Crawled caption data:
================

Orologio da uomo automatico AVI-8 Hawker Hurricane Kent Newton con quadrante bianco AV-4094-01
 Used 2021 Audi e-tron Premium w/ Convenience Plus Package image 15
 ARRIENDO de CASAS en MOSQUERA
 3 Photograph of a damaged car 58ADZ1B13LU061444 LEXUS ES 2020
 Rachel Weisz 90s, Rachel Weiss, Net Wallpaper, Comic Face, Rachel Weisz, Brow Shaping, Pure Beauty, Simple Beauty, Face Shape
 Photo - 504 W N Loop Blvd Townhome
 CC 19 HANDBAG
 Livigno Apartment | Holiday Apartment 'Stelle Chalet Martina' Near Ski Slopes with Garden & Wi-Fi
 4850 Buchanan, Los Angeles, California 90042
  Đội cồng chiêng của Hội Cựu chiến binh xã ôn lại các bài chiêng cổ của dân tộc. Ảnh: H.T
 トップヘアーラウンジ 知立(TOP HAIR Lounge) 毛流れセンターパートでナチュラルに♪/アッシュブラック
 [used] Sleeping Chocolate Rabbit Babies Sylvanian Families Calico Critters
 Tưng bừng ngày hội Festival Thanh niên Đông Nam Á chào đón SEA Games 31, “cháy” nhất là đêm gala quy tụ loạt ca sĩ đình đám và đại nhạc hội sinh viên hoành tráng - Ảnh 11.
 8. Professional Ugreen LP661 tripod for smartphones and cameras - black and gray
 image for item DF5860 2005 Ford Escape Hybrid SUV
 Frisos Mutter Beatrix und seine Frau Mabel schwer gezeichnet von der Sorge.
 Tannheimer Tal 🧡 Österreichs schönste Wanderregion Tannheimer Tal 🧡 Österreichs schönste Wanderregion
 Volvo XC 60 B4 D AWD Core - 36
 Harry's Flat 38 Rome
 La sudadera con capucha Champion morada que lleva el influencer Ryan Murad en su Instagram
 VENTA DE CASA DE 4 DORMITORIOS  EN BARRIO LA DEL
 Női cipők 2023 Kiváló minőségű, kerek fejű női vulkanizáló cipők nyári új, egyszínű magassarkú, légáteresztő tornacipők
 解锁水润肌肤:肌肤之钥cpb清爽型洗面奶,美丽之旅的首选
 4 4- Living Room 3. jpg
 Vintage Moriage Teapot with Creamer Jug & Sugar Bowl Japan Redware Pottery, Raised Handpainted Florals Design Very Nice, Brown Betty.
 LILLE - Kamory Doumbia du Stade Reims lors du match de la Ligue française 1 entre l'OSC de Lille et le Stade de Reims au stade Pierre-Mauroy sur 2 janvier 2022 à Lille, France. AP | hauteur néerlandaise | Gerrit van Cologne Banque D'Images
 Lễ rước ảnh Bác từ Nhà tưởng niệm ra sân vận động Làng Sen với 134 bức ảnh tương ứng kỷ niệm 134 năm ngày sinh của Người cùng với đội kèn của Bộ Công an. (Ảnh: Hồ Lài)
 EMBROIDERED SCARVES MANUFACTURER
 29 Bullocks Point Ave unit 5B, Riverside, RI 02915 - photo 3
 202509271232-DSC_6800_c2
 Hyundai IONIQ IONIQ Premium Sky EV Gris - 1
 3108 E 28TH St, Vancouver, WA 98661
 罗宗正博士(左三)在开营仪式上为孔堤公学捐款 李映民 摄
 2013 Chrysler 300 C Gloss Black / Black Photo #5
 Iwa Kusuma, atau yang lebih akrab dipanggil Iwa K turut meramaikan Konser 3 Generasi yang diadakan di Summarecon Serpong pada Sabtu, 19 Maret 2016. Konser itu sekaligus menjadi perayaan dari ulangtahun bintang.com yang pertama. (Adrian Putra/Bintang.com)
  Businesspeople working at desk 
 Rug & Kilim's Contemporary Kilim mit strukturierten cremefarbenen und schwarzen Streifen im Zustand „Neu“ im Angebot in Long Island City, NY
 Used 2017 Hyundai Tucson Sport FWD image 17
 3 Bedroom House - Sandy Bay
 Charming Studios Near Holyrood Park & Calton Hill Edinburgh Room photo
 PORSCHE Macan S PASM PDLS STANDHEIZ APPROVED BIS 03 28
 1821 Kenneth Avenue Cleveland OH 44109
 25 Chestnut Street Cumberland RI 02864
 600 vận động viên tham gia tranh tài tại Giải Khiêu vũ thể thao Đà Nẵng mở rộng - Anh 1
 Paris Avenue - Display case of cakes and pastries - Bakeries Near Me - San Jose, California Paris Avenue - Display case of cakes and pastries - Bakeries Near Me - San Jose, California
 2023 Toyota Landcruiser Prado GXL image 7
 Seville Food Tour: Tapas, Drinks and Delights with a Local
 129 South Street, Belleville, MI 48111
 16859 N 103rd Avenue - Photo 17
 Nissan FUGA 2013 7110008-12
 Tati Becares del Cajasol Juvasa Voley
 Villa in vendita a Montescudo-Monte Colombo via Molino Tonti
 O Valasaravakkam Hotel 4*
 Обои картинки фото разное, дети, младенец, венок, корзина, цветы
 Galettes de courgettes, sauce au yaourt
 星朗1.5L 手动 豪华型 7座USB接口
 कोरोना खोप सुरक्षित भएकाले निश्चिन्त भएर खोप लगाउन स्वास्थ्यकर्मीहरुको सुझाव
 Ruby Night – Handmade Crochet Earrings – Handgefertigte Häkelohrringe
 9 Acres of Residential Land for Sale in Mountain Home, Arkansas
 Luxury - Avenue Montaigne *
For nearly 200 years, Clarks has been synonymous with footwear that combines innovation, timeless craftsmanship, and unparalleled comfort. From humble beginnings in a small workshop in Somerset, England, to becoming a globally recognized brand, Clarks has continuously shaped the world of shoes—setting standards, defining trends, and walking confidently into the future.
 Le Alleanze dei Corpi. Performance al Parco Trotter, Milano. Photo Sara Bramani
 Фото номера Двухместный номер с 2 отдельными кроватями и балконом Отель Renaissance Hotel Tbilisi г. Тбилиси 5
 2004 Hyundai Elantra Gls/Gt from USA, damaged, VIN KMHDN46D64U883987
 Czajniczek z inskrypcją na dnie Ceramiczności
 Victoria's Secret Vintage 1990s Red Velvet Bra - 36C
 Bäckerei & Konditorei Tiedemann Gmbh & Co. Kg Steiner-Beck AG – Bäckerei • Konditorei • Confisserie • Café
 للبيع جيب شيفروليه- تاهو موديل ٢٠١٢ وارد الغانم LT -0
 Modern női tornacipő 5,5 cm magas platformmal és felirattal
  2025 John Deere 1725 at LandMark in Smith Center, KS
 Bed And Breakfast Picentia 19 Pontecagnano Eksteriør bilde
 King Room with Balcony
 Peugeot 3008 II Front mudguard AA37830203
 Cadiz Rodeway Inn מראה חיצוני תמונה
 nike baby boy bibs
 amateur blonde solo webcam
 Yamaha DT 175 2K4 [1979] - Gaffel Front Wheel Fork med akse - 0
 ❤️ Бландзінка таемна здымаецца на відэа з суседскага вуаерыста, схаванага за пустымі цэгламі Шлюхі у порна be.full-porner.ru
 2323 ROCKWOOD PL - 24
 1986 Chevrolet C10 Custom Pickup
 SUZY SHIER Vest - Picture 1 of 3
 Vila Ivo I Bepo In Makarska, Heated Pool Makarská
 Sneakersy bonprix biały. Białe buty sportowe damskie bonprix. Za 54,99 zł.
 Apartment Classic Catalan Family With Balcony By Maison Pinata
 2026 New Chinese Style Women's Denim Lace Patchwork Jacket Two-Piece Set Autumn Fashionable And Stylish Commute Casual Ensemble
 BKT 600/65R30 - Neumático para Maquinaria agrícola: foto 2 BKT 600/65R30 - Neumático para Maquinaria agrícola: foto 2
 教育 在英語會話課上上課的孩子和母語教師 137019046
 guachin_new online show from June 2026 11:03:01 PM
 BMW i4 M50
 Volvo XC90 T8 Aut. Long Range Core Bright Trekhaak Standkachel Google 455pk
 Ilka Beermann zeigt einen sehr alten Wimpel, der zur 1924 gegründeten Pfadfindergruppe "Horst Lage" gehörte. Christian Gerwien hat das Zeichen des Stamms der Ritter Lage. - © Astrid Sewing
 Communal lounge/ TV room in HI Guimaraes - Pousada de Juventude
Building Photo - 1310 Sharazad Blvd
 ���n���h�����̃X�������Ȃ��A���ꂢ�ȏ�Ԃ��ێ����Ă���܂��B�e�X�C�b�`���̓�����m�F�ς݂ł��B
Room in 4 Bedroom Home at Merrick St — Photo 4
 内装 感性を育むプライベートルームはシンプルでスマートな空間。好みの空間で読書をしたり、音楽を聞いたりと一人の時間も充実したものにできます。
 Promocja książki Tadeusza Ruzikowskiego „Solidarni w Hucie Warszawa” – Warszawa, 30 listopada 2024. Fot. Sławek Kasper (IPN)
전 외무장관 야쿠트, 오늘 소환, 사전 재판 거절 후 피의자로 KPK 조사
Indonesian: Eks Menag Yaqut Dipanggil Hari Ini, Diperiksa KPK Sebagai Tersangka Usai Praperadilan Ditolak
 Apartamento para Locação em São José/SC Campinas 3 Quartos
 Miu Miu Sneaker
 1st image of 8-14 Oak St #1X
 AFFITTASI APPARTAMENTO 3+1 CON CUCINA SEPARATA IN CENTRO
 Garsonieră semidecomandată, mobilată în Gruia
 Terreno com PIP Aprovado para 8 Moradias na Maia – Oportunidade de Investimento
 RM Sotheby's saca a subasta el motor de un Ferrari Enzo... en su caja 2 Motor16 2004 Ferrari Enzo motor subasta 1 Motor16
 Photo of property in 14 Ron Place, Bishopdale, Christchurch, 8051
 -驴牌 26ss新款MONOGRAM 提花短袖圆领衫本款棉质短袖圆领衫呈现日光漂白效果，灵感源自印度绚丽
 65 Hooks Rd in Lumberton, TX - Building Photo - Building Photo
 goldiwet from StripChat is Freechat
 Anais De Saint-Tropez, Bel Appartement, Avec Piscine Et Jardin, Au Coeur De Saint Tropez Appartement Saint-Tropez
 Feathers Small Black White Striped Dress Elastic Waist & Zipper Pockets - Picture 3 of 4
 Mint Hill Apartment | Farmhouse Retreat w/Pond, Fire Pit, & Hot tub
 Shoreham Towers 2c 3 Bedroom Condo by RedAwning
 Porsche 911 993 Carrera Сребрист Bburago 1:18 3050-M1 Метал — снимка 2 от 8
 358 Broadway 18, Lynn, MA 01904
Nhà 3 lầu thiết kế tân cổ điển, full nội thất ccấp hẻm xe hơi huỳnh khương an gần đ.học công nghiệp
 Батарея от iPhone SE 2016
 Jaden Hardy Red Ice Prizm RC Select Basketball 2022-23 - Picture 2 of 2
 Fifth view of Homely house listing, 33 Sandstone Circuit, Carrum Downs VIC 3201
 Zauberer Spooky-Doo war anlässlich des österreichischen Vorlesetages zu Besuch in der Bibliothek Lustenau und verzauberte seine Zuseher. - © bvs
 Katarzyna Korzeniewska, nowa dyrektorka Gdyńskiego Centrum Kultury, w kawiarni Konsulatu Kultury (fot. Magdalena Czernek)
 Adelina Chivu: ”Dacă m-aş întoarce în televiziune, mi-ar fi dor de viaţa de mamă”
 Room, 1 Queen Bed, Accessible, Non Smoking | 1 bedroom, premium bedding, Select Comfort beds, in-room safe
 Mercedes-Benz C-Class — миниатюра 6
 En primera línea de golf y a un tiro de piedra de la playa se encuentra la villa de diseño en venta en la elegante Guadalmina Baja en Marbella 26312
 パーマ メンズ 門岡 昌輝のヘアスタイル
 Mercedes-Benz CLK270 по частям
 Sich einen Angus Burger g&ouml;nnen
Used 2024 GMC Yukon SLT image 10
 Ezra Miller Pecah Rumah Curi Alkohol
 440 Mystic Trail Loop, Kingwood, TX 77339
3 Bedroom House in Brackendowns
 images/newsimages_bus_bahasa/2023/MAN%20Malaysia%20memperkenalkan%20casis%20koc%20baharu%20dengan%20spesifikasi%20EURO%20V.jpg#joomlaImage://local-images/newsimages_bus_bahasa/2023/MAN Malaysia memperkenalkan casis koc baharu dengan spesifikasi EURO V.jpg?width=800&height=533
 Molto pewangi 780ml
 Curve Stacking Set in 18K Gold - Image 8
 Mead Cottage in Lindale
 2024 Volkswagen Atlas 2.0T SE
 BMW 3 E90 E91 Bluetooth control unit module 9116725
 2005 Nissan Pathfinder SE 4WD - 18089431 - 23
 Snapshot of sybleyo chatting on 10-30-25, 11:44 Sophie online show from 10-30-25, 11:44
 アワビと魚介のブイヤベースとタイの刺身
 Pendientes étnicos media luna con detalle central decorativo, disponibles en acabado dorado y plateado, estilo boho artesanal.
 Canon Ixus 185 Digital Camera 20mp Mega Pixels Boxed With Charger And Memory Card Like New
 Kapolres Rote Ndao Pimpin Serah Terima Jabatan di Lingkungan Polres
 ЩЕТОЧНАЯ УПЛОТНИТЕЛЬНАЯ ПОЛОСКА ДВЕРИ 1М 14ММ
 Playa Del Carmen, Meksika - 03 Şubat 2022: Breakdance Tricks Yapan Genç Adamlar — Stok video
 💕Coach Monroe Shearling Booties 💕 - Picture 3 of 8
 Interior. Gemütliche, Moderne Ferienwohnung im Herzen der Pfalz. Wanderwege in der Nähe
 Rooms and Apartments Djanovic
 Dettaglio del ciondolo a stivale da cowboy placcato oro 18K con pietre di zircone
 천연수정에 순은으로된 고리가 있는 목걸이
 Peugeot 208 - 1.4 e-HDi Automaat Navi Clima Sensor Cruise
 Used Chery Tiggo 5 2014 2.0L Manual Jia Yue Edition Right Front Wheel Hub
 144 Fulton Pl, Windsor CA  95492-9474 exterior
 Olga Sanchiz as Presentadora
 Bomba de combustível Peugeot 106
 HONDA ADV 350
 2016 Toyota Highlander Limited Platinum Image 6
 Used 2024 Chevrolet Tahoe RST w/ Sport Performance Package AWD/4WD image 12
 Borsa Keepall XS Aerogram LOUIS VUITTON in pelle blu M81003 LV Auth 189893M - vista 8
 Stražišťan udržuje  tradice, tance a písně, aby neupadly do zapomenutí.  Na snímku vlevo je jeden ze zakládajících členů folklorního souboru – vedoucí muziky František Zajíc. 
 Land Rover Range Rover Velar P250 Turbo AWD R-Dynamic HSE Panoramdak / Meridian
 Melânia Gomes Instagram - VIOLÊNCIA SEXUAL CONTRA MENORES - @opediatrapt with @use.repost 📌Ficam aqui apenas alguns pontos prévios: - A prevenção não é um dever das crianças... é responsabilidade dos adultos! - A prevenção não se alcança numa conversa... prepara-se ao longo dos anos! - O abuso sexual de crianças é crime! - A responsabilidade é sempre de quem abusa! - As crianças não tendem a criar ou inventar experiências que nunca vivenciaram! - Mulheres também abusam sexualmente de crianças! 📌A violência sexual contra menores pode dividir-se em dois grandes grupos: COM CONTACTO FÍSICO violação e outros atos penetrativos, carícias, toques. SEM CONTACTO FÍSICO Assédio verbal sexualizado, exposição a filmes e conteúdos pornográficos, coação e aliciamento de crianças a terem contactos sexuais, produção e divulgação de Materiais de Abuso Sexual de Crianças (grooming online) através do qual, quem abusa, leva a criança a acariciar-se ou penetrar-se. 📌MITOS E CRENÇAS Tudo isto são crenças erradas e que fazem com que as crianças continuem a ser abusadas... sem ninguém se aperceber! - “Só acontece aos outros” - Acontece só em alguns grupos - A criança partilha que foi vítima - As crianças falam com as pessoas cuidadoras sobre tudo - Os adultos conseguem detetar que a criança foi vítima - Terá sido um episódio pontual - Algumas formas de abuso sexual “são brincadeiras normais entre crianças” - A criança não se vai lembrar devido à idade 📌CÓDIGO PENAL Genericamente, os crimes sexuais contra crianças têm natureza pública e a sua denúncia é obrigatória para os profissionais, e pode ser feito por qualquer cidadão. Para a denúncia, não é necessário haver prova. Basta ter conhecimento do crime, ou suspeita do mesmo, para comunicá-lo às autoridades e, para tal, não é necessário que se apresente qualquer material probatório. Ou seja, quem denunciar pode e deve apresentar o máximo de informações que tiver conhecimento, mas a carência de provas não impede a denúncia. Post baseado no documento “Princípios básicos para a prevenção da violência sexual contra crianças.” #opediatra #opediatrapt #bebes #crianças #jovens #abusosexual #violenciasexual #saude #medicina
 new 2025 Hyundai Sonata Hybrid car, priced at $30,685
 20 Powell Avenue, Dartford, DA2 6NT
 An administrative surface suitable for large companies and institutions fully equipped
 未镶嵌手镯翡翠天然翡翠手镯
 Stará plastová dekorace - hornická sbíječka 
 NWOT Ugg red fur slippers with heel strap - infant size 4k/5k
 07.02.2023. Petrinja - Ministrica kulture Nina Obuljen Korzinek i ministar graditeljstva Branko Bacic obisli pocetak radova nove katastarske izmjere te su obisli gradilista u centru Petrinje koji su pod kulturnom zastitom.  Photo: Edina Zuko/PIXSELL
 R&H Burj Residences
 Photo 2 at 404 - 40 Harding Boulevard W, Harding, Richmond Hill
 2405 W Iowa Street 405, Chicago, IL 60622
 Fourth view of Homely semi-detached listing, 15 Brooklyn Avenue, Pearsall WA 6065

================

Your instructions | Begin with the first line of the records and finish with the line containing "Tưng bừng ngày". Reproduce those lines exactly, both ends included, and nothing else.

Solution for this exercise |
Orologio da uomo automatico AVI-8 Hawker Hurricane Kent Newton con quadrante bianco AV-4094-01
 Used 2021 Audi e-tron Premium w/ Convenience Plus Package image 15
 ARRIENDO de CASAS en MOSQUERA
 3 Photograph of a damaged car 58ADZ1B13LU061444 LEXUS ES 2020
 Rachel Weisz 90s, Rachel Weiss, Net Wallpaper, Comic Face, Rachel Weisz, Brow Shaping, Pure Beauty, Simple Beauty, Face Shape
 Photo - 504 W N Loop Blvd Townhome
 CC 19 HANDBAG
 Livigno Apartment | Holiday Apartment 'Stelle Chalet Martina' Near Ski Slopes with Garden & Wi-Fi
 4850 Buchanan, Los Angeles, California 90042
  Đội cồng chiêng của Hội Cựu chiến binh xã ôn lại các bài chiêng cổ của dân tộc. Ảnh: H.T
 トップヘアーラウンジ 知立(TOP HAIR Lounge) 毛流れセンターパートでナチュラルに♪/アッシュブラック
 [used] Sleeping Chocolate Rabbit Babies Sylvanian Families Calico Critters
 Tưng bừng ngày hội Festival Thanh niên Đông Nam Á chào đón SEA Games 31, “cháy” nhất là đêm gala quy tụ loạt ca sĩ đình đám và đại nhạc hội sinh viên hoành tráng - Ảnh 11.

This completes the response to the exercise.